March 18, 2014

Rebranding Your Merged Nonprofit: Is It Worth It?

Rebranding a merged nonprofit is a far greater challenge than most realize, says Linda Johanek, CEO of the Domestic Violence & Child Advocacy Center. Here's how her organization is enduring the short-term pain of a rebrand to realize the long-term benefits of a merger.

By: Linda Johanek

I was excited about having stewarded a successful merger. It was a fairly smooth transition, one in which two financially healthy agencies—the Domestic Violence Center and the Bellflower Center for Prevention of Child Abuse—joined to create a new vision and service model. Instead of focusing on children or women separately, the merged organization is now able to intervene and provide prevention and education programs along the life continuum. As one agency, we address and prevent child abuse, bullying, teen dating violence, intimate partner violence, domestic violence, stalking, and elder abuse. We have cross-trained our staff, seen our programs improve in quality and comprehensiveness, and become a stronger voice for victims. What’s not to like?

Well, I’ll tell you.

A name change from a merger is a far greater challenge than most realize. An example: In 1981, Japanese auto manufacturer Nissan decided to change the well-known American car Datsun to Nissan to create a single, global brand. It took three years and $30 million to complete the transformation. While the investment was daunting, Nissan believed the long-term outcomes were worth it. Okay Nissan is much larger than we are. But the fact that it took a huge company three years and a great deal of money to deal with their name change tells me we also would struggle. Indeed, one year after the Domestic Violence Center and the Bellflower Center for Prevention of Child Abuse changed names, donations dropped 25 percent. Two years after the merger, we continue to rebrand and search for the money to do so.

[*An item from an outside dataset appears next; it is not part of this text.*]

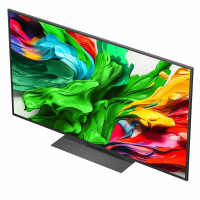 Телевизор QNED LG 65QNED86A6A.ARUG, Smart TV, черный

So perhaps the short-term losses and pains can be endured, if there is a long-term benefit. After all, isn’t this what mergers are for—long-term benefit? The question is how to manage the short-term pain. While we chose our new name strategically, we probably underestimated what it would cost down the road.

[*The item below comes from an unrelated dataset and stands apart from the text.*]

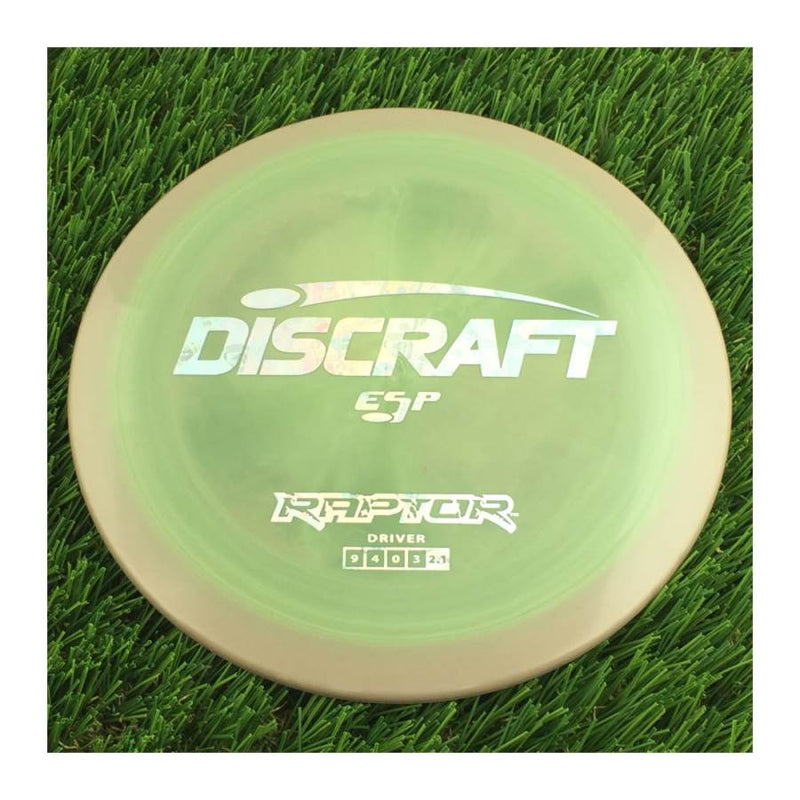 Discraft ESP Raptor - 166g - Solid Brown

Our new agency is called Domestic Violence & Child Advocacy Center (DVCAC). Board and staff admitted that the name Bellflower was often confused with two other agencies that also worked with children. When thinking about child abuse prevention and intervention, we turned to the national model and philosophy of Child Advocacy Centers. They describe advocacy as prevention, intervention, education, and leadership. That made sense to us. But it also presented two rebranding tasks: we had to deal with the loss of Bellflower name and the addition of the word "advocacy." (See Melissa Mendes Campos’s case study, "Domestic Violence & Child Advocacy Center: Broadening Scope For Greater Impact.")

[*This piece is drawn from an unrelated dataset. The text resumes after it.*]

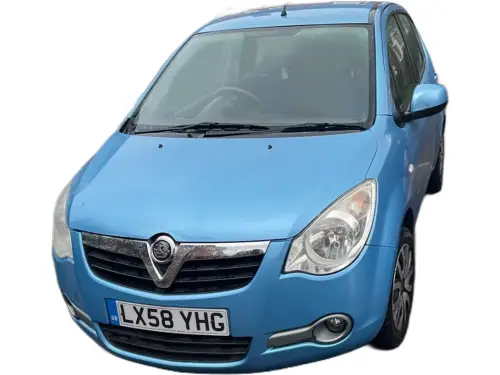 Vauxhall Agila LX58 YHG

"A brand serves social, emotional and functional needs," wrote Joleen Deatherage in a July 24, 2009, Philanthropy Journal article. "It's much more than selling a product or service—it's selling an experience. Nike sells motivation. Apple sells innovation. Pampers sells being a good parent."

So what does DVCAC sell?

We thought about how to market ourselves. What was our previous brand selling? Even though both agencies had credible reputations in the community, our focus was on abuse, because everyone wants to help an abused woman or child. After the merger, we decided to focus on safety, hope, and healing. Board and staff leadership began meeting with individual donors to educate and ask them for investment in our new vision and model. We sang our mantra—"safety, hope, and healing"—wherever we went: at community education presentations, collaborative meetings, councils, task forces, fundraising events, etc.

The result? Within two years, we gained back the 25 percent post-merger loss in donations and increased donations by an additional 12 percent. Some funders and foundations, however, did not return to the level provided to the two separate agencies, and that is an ongoing challenge.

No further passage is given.